An exact copy is needed of the lines from the one that contains "300 ml (2 Cups)" through the final line of the data below, with pictures left out.

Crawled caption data
-------

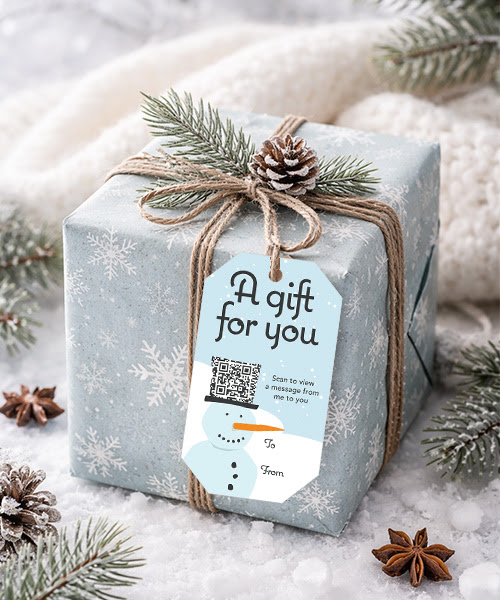 ❄️Wrap the gift, attach the tag, scan the code. Instant smiles guaranteed ❄️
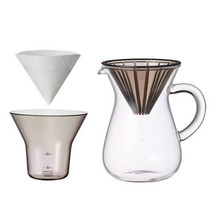 300 ml (2 Cups) Carafe Coffee Set with 20 Filters by Kinto for &quot;Slow&quot; Coffee - £27.46 GBP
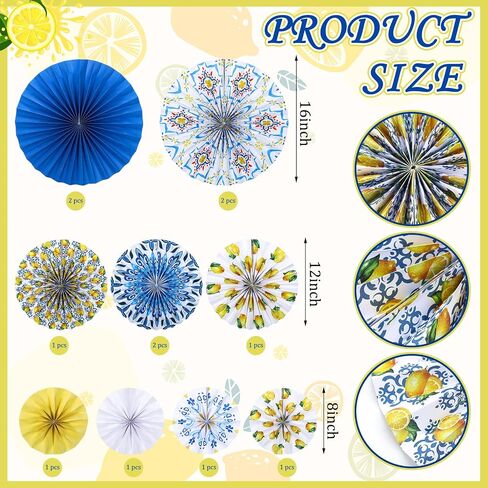 12 PCS CHINOISERIE Paper Paper Fans 8 '' 12 '' 16 '' in Kuwait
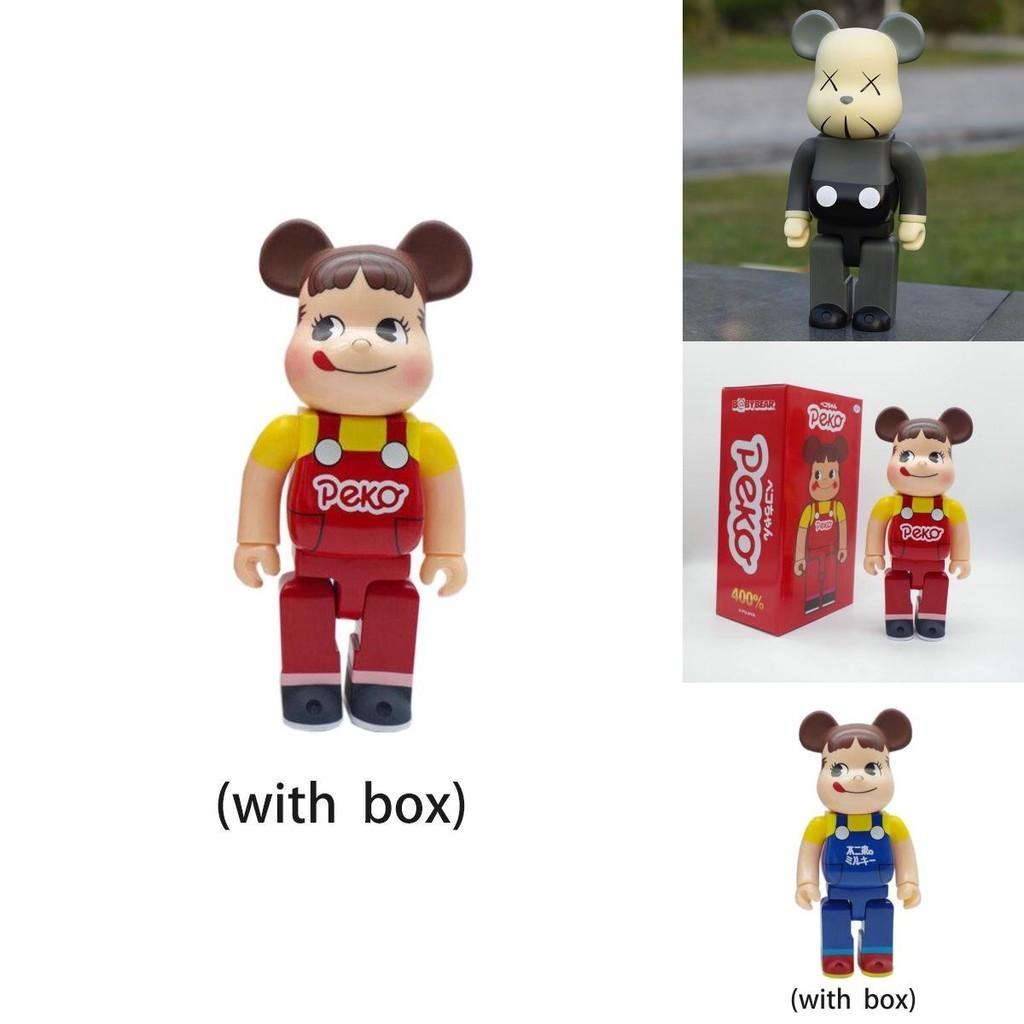 Trendy Bearbrick 400% Action Figure Peko Iron Man For Unique Collection Display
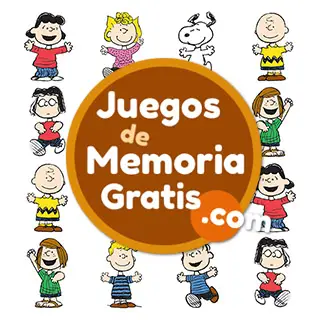 Juegos de Memoria para adultos: Memotest con personajes de Peanuts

-------

▸ SOLUTION BELOW:
 300 ml (2 Cups) Carafe Coffee Set with 20 Filters by Kinto for &quot;Slow&quot; Coffee - £27.46 GBP
 12 PCS CHINOISERIE Paper Paper Fans 8 '' 12 '' 16 '' in Kuwait
 Trendy Bearbrick 400% Action Figure Peko Iron Man For Unique Collection Display
 Juegos de Memoria para adultos: Memotest con personajes de Peanuts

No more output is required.